Activity:
Below are lines of records; copy exactly those from the one containing "Tarjeta De Visita" through the one containing "Camiseta T-shirt amarelo", leaving the pictures behind.

Available records:
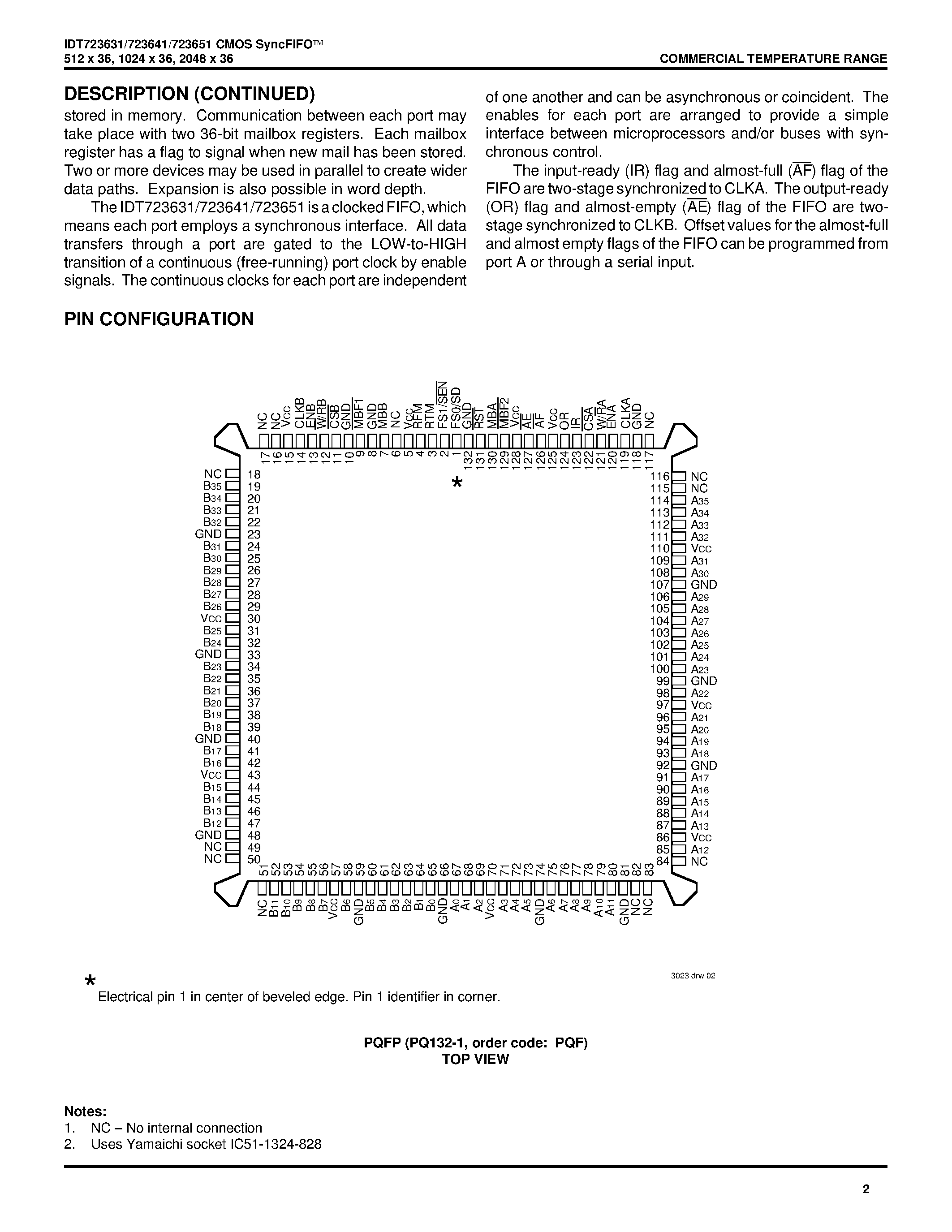 Datasheet IDT723631L30PF page 2 Datasheet IDT723631L30PF - CMOS SyncFIFOO 512 x 36/ 1024 x 36/ 2048 x 36 page 2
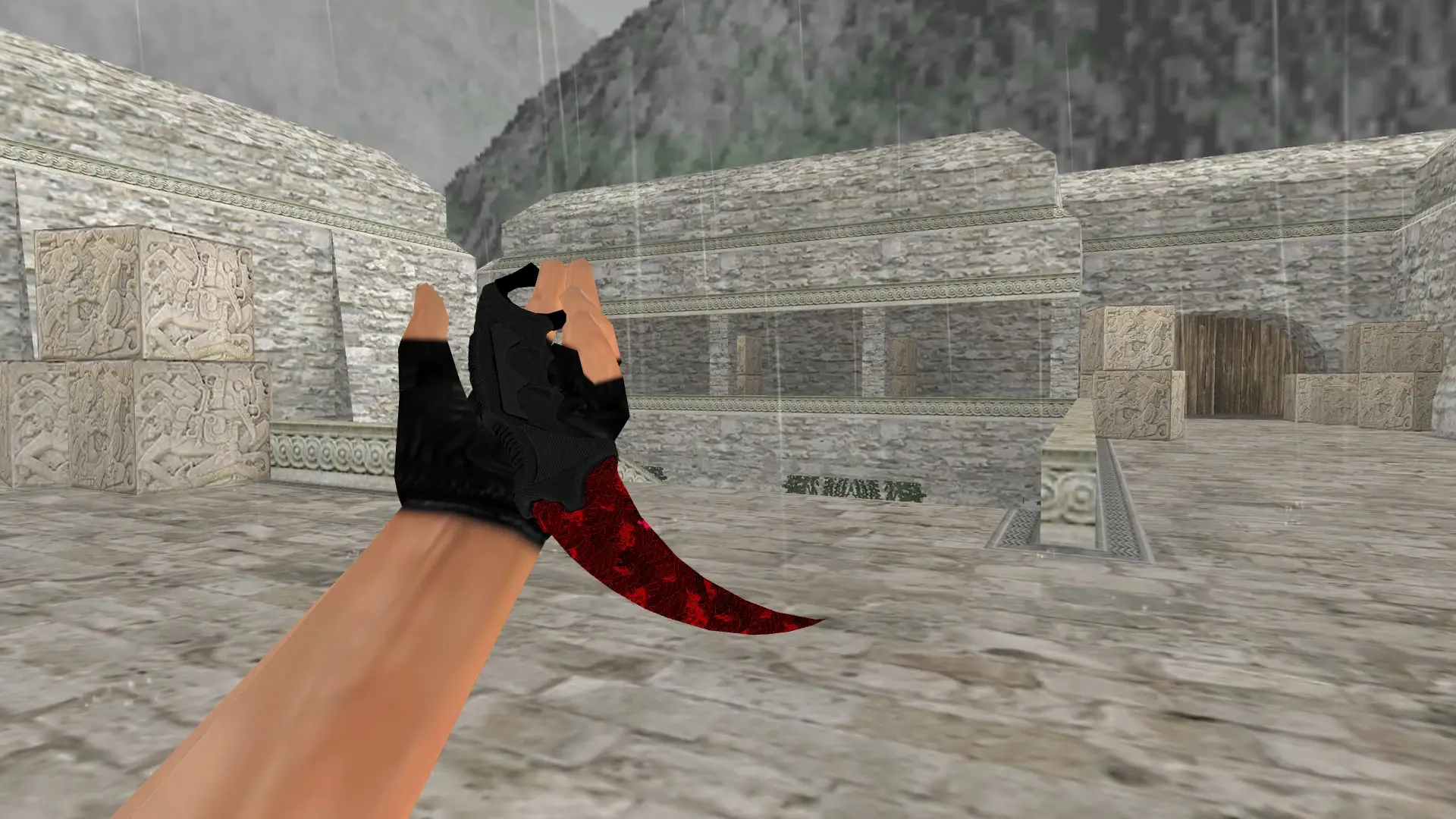 Karambit | Storm — de_aztec (first person)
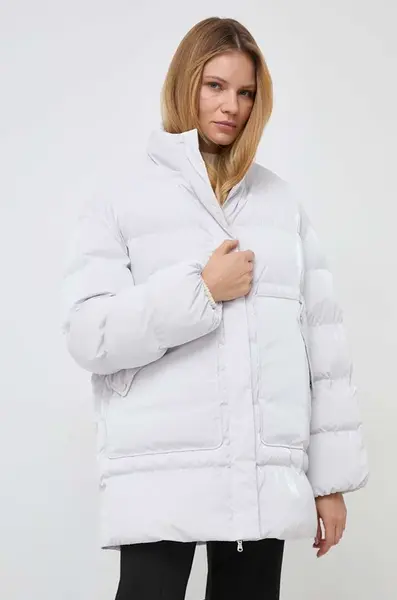 Bunda Patrizia Pepe dámská, šedá barva, zimní, oversize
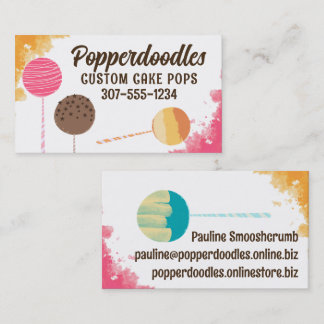 Tarjeta De Visita Paletas de pastel horneando confitería de panaderí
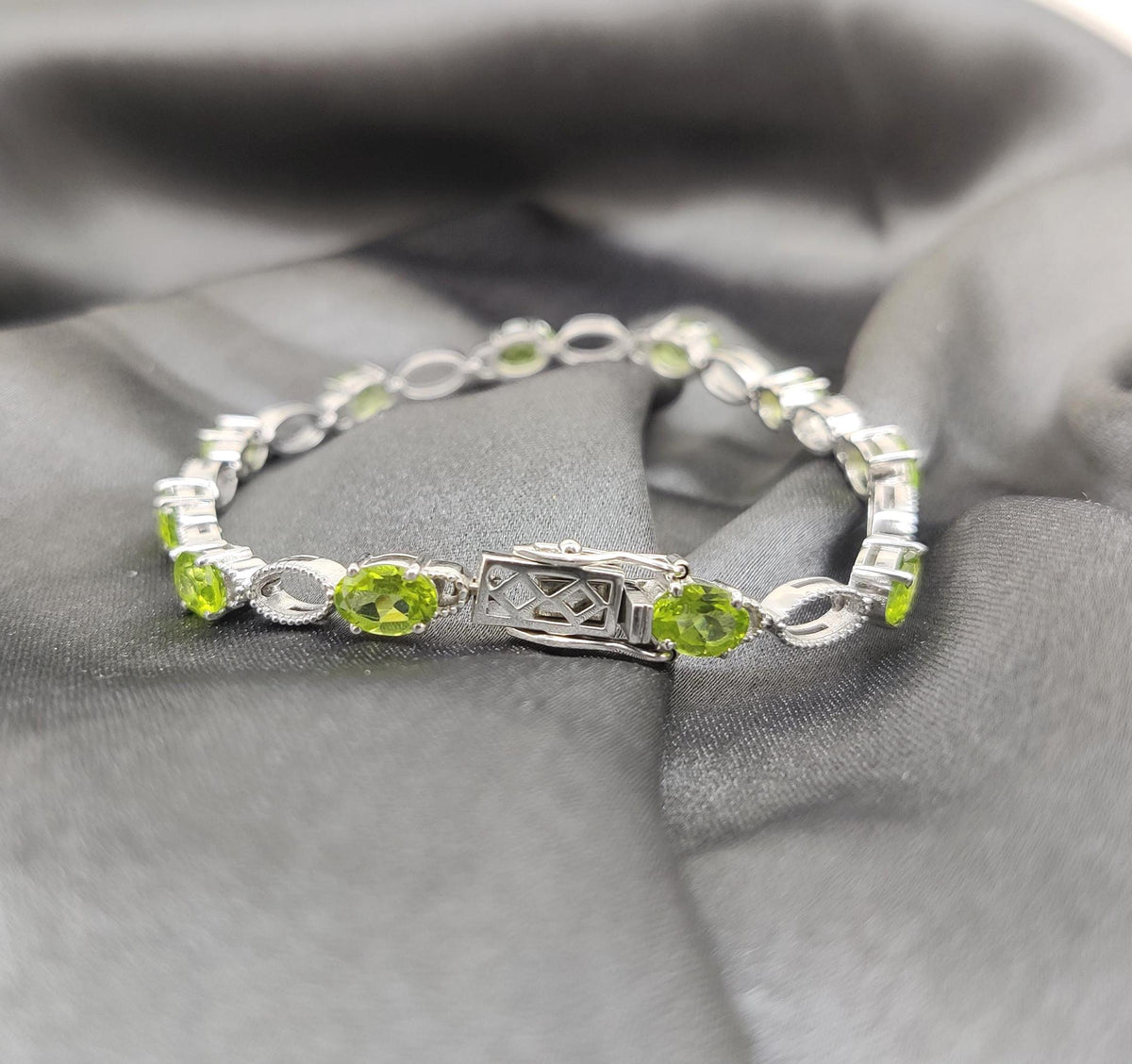 Oval Peridot Tennis Bracelet, Sterling Silver, August Birthstone, Green Gemstone Jewelry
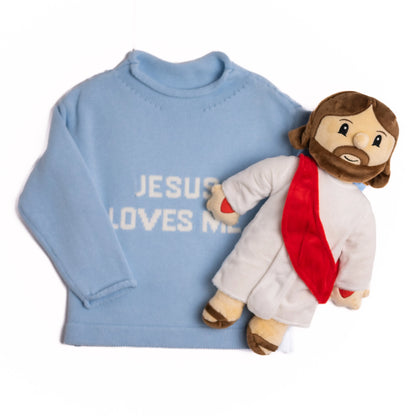 Blue Jesus Loves Me Sweater
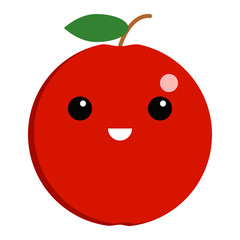 Apple grinning face emoji vector illustration. Flat style design. Colorful graphics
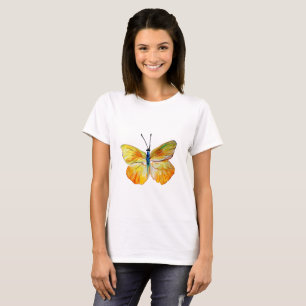 Camiseta T-shirt amarelo do desenho da aguarela da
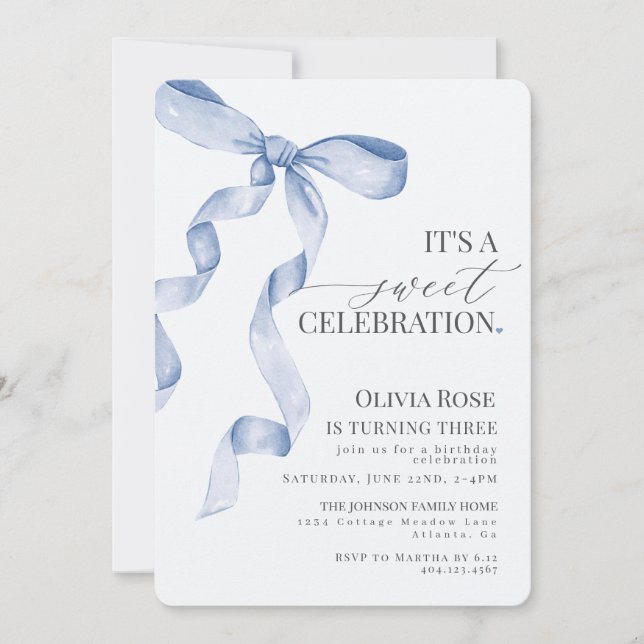 Blue Coquette Bow Girl Birthday Party Invitation (Front)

Answer section:
 Tarjeta De Visita Paletas de pastel horneando confitería de panaderí
 Oval Peridot Tennis Bracelet, Sterling Silver, August Birthstone, Green Gemstone Jewelry
 Blue Jesus Loves Me Sweater
 Apple grinning face emoji vector illustration. Flat style design. Colorful graphics
 Camiseta T-shirt amarelo do desenho da aguarela da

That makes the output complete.